Illustrated in FIG. 8 is a side elevation view of an alternate embodiment of the housing illustrated in FIG. 1. Referring to FIG. 8, it can be seen that the housing, generally designated by numeral 160, comprises a mother board 162 to which are mounted a plurality of connector mounting assemblies 163 having a socket 164 adapted to receive a circuit board assembly 165. Circuit board assembly 165 has two circuit boards 166 and 167 in spaced relationship having edge portions 168 and 169, respectively, mounted in the socket 164. Note that the mother board is provided with protrusions 170 which act as guides for the circuit board assembly 165.

Illustrated in FIG. 9 is a cross sectional view of the interior of the connector mounting assembly 163. Referring to both FIGS. 8 and 9 it can be seen that the circuit boards 166 and 167 are mounted in the socket 164. An electrical connector, generally indicated by numeral 172, is mounted between the circuit boards and comprises a pair of spring members 174, 174' having their first ends terminating in curved members 176, 176', respectively, having electrical contacts mounted thereon in a manner similar to the electrical connector 82 illustrated in FIG. 5. The spring members 174 and 174' at their second ends 180 and 180', respectively, are joined together. At the center of the electrical connector 172 are a plurality of holes 182 (only one of which is shown). Mounted to the mother board 162 are a plurality of pins 190 (only one of which is shown) which extend through the holes 182. A cam member 200 is rotatably mounted to the locking assembly via shafts 202 (only one of which is shown). The cam member 200 incorporates a plurality of grooves 204 in alignment with the plurality of holes 182 and, thus, the pin 190 extends into these grooves. This ensures that the electrical connector 172 is properly located in relationship to the circuit boards. Rotation of the cam 200 forces the electrical connector to the position indicated by 172' causing the electrical contacts into engagement with the electrical terminals 206 and 206' on the circuit boards 166 and 167 while still maintaining slideable contact with the electrical terminals 208 and 208', respectively, on the mother board 162. Thus, with this embodiment a pair of circuit boards can be simultaneously secured in and electrically connected the housing.

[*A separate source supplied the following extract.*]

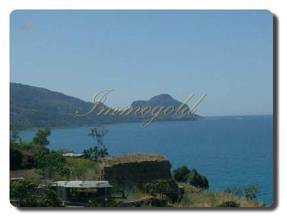 Thumbnail von Immogold Liebevoll gestaltete Villa mit herrlichem Meerblick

Illustrated in FIG. 10 is a cross-sectional view similar to that shown in FIG. 9 disclosing a different embodiment of an electrical connector. Illustrated in FIG. 11 is a partial exploded perspective view of a diifferent embodiment of the electrical connector 172 shown in FIG. 9. Referring to FIGS. 10 and 11 it can be seen that the connector mounting assembly 220 supports a circuit board assembly 222 comprising circuit boards 224 and 224' which are guided into the socket 226. The electrical connector generally designated by numeral 228 comprising a pair of spring members 230 and 230'. The spring member 230 and 230' which have first ends terminating in curved members 232 and 232', respectively. These curved members 232 and 232' are similar to those disclosed in FIG. 9, in particularly, members 176 and 176'. The seconds ends 234 and 234' of spring members 230 and 230', respectively, are joined together. Coupled to the second ends 234 and 234' is a tubular member 236. Rotatable mounted within the tubular member 236 is a cam member 238 having an axis of rotation 240. Mounted on each end are support shafts 242 (only one of which are shown) which are rotatably mounted in the connector mounting assembly 220. Thus, as previously discussed, rotation of the cam member 238 causes the electrical connector 228 to move to the position 228' (indicated in dotted lines). This causes the electrical terminals 244 and 244' on the members 232 and 232' to engage the electrical terminals 250 and 250' on the circuit boards 224 and 224', respectively, while maintaining contact with the electrical terminals 254 and 254' on the mother board 256.

Illustrated in FIG. 12 is a cross sectional view of another embodiment of the electrical connector mounted within a connector mounting assembly. Illustrated in FIG. 13 is a partial exploded perspective view of the embodiment illustrated in FIG. 12. Referring to FIGS. 12 and 13 it can be seen that as in the previous example the locking assembly 270 contains an electrical connector 272, generally designated by numeral 272, having first and second spring members 274 and 274'. The first ends 276 and 276' of the spring members 274 and 274', respectively, terminate in circular tubes 278 and 278' which are identical to the one shown in FIG. 2, i.e., circular tube 42 of the electrical connector 38. Thus, a detailed description need not again be provided. The second ends 280 and 280' of the spring members 274 and 274', respectively, are coupled together and joined to a tubular member 282. Rotatably mounted within the tubular member 282 is a cam member 284 having an axis of rotation indicated by numeral 286. A pair of shafts 288 (only one of which is shown) are mounted on the end of the cam member 284 offset from the axis of rotation 286 of the cam member. Thus, when the cam member 284 is rotated the electrical contacts 289 and 289' of circular tubes 278 and 278', respectively, of the electrical connector 272 are forced into contact with electrical terminals 290 and 290' on the circuit boards 292 and 292', respectively, while maintaining electrical contact with electrical terminals 294 and 294' on the mother board 296.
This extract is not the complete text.